“ll dialetto di Milano? Direi che è un misto
di italiano e inglese”. La battuta sintetizza bene l’onnipresenza del
caricaturale vernacolo meneghino, versione anni Duemila. Alberto lavora nel
dipartimento comunicazione di una società fintech. Trasferito dal sud Italia in
Lombardia, diverse esperienze all’estero alle spalle, racconta a cena che in
tre anni non gli è mai capitato di sentire una conversazione in milanese. Non
ne conosce vocaboli e cadenza se non nelle imitazioni di qualche comico.
In Meridione
il dialetto è parlato comunemente accanto all’italiano: persino gli immigrati
lo imparano facilmente, per necessità. Nel capoluogo lombardo la realtà è
diversa. Ascoltare la lingua di Carlo Porta è raro: probabilmente la perdita è
stata favorita dall’arrivo di abitanti provenienti da ogni parte d’Italia,
dalla vocazione commerciale della città e dal fatto che parlare solo italiano
era sintomo di avvenuta scalata sociale.
Non è una
domanda peregrina, dunque, chiedersi quanto a lungo resisterà senza parlanti.
Diventerà una lingua morta, da filologi, un po’ come il latino?
7mila
lingue, quasi la metà a rischio
Le premesse
sembrano esserci. Questo esempio così vicino al nostro vissuto quotidiano è
però la spia di una questione più ampia. Il problema non riguarda solo i
dialetti. In totale sono infatti oltre settemila, stima lo Undp (il
programma delle Nazioni unite per lo sviluppo), le lingue parlate nel globo,
alcune da poche centinaia di individui. Il 44% sarebbe in pericolo di
estinzione.
Con la globalizzazione,
il problema di preservare la biodiversità linguistica – portatrice non solo di
cultura, ma di un modo di vedere il mondo – ha cominciato a porsi con
maggiore insistenza. Non mancano iniziative di tutela locali, come corsi serali
per appassionati e nostalgici, ma con tutta probabilità si tratta di
palliativi.
Un supporto
fino a poco tempo fa impensabile può arrivare, però, per linguisti e
antropologi dalla tecnologia. Probabilmente non è la panacea di tutti i mali.

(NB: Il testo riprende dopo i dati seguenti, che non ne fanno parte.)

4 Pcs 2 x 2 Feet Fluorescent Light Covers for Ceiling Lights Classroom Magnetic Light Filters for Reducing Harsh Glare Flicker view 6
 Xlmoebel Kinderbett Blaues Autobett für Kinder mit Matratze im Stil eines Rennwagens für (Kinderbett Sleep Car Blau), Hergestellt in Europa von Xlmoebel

Ma, come vedremo, può aiutare.
Il Rosetta
project
Tra i primi
programmi digitali al mondo per la tutela delle lingue in via di estinzione c’è
il Rosetta project, che da oltre due decenni raccoglie specialisti e parlanti
nativi allo scopo di costruire un database pubblico e liberamente accessibile
di tutte le lingue umane. Il Rosetta project fa capo a un ente molto
particolare: la Long Now foundation (Lnf, tra i membri
fondatori c’è il musicista Brian Eno). La Lnf parte da un presupposto: è
necessario pensare seriamente al futuro remoto, per non farsi trovare
impreparati dallo scorrere del tempo.
Il
ragionamento è tutt’altro che banale. “Si prevede che dal cinquanta al
novanta per cento delle lingue parlate spariranno nel prossimo secolo”,
spiegano gli organizzatori sul sito, “molte con poca o nessuna documentazione”.
Come preservarle?
Lo sguardo
torna all’Antico Egitto: così è nato il Rosetta Disk, un disco di nichel del diametro
di tre pollici su cui sono incise microscopicamente quattordicimila pagine che
traducono lo stesso testo in oltre mille lingue. Il modello è la stele di
Rosetta, che due secoli fa consentì di interpretare i geroglifici, di cui si
era persa la conoscenza. Una lezione che gli studiosi non hanno
dimenticato.
Il principio
è più o meno lo stesso delle vecchie microfiches universitarie: per
visualizzare il contenuto basta una lente di ingrandimento. Non si tratta,
insomma, di una sequenza di 0 e 1, quindi non è necessario un programma di
decodifica. Il rischio – in Silicon Valley lo sanno bene – sarebbe
che il software vada perso nel giro di qualche decennio per via di un
cambiamento tecnologico; o (e sarebbe anche peggio) che qualche società privata
che ne detiene i diritti decida di mettere tutto sotto chiave, come peraltro
avviene per molte applicazioni con la politica del cosiddetto “vendor lock in”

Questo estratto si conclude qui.